Os desastres da guerra


Uma importante exceção na representação da guerra surge de forma marcante na obra de Pablo Picasso – em 1937 ele pintou “Guernica”, sob o impacto de um dos massacres na Guerra Civi, e a obra tornou-se o maior manifesto contra a violência do século 20. Outra exceção importante, mas no século 19, vem de outro artista espanhol, Francisco de Goya, que entre 1810 e 1815 criou “Los Desastres de la Guerra”, uma série de 82 desenhos que são referenciais pelo que retratam brutalmente tanto em evidências realistas como em metáforas e símbolos sobre a violência da guerra, tendo como tema e cenário a resistência espanhola à invasão napoleônica.
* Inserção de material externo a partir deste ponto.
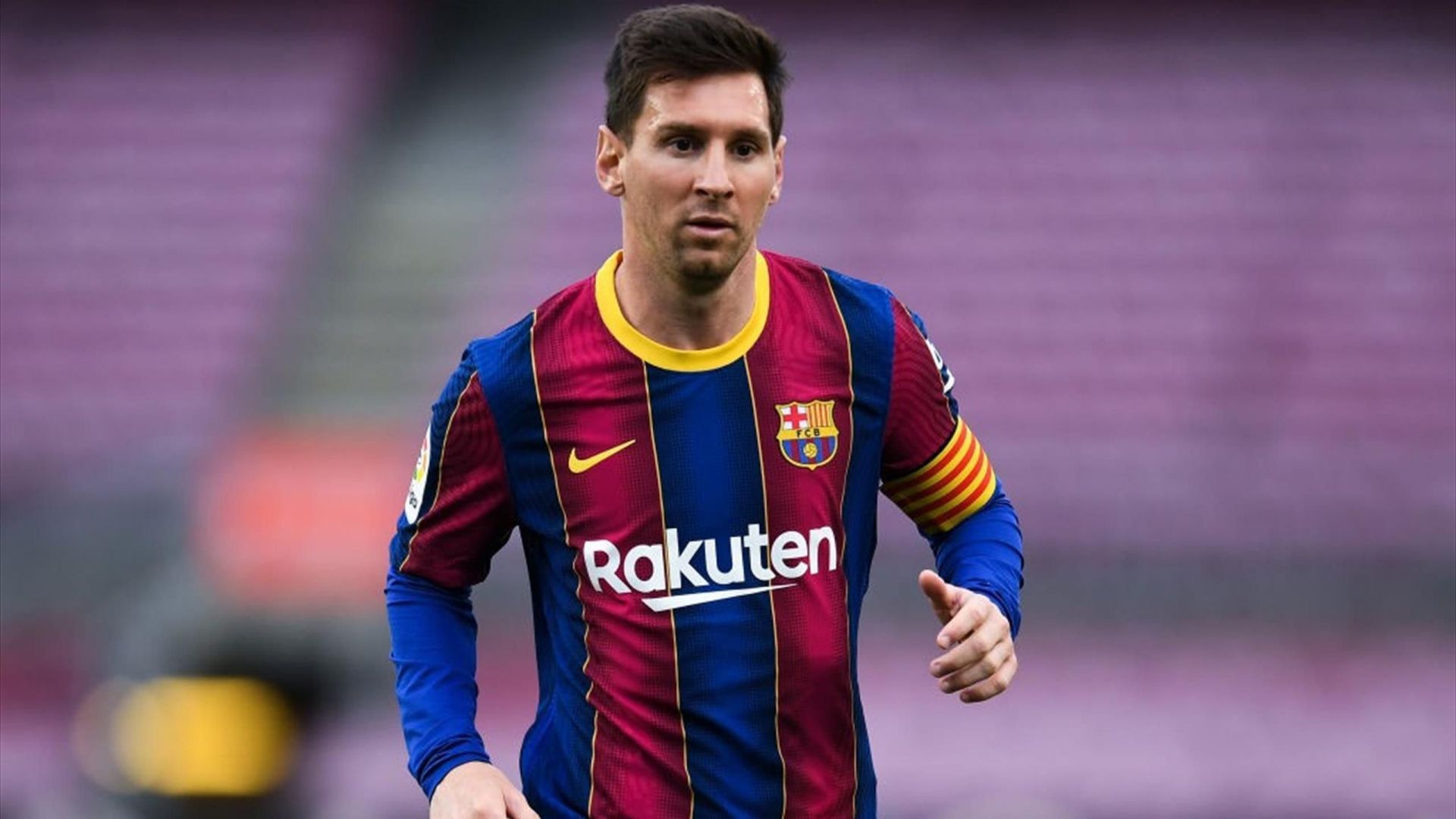 Lionel Messi Playing for Barcelona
A série de Goya, não por acaso, fornece argumentos para Susan Sontag em “Diante da dor dos outros” e também está presente no acervo que a bienal apresenta, surgindo como um fio condutor dos múltiplos recortes de obras e artistas que a curadoria oferece.
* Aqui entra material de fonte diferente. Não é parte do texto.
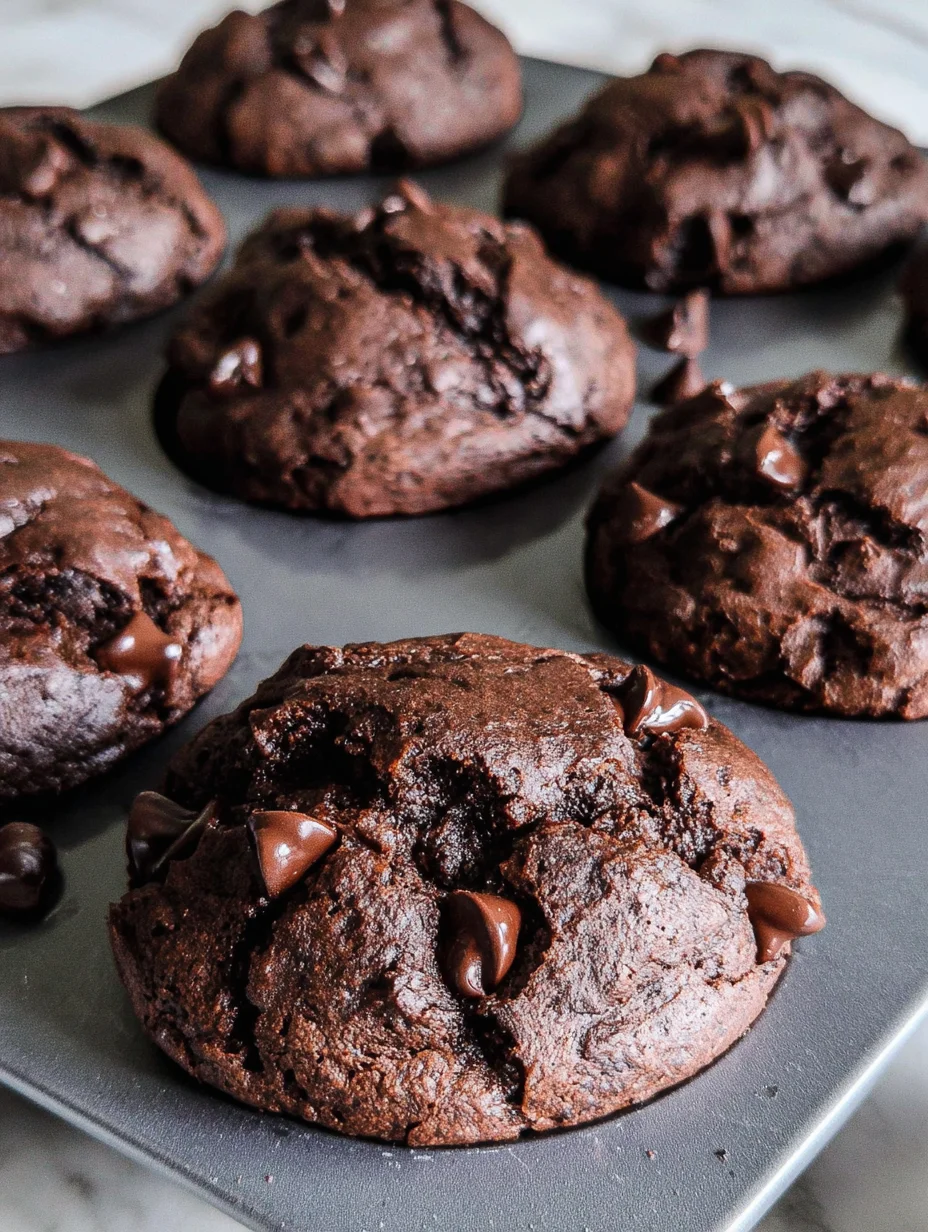 Double Chocolate Chip Muffins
Bienal das imagens de guerra: acima,
uma gravura da série Os desastres da guerra, do
mestre espanhol Francisco de Goya (1746-1828).

Abaixo, “Naves Espaciais” (Astronauta), pintura
em técnica mista de 2024 de artista da Rússia,
Taisia Korotkova, peça da série Reconstrução;
uma imagem da série de projeções em técnica
mista "Ecologia invisível", do artista indígena
brasileiro Denilson Baniwa, uma alegoria sobre
o equilíbrio natural que tem sido violado pela
guerra cotidiana de humanos contra animais e
plantas; e “Medo”, instalação multimídia criada
a partir de uma histórias em quadrinhos de 1948,
obra do artista espanhol Antoni Muntadas
que denuncia a normalização das guerras
na imprensa e na cultura popular.

No final da página, "Casa" e "Tanque russo",
intervenções em slides de “ativismo poético”
do artista de Cuba, Dagoberto Rodriguez, um
dos fundadores de Los Carpinteros, coletivo de
artistas cubanos que usa humor e ironia para
abordar questões políticas sobre as guerras,
as migrações humanas e as mudanças climáticas












É quase inevitável associar os cenários violentos da série de Goya ao olhar de fotógrafos presentes na bienal com seus registros de guerras desde o começo do século 20, seja na Segunda República, na Primeira Guerra Mundial, na Guerra Civil ou na Ditadura Franquista, na Segunda Guerra ou nos conflitos intermináveis da segunda metade do século 20 até o presente em diversas nacionalidades. Há os nomes célebres em destaque, especialmente na cobertura dos combates da Guerra Civil na Espanha, na década de 1930, estão o húngaro Endre Ernő Friedmann (1913-1954), que se tornou uma figura lendária sob o pseudônimo de Robert Capa; os alemães Erich Andres (1905-1992), Walter Reuter (1906-2005) e Gerda Taro (1910-1937); a húngara Kati Horna (1912-2000); o catalão Agustí Centelles (1909-1985), o francês Albert-Louis Deschamps (1889-1972) e o polonês Emil Vedin (1912-2001), entre outros.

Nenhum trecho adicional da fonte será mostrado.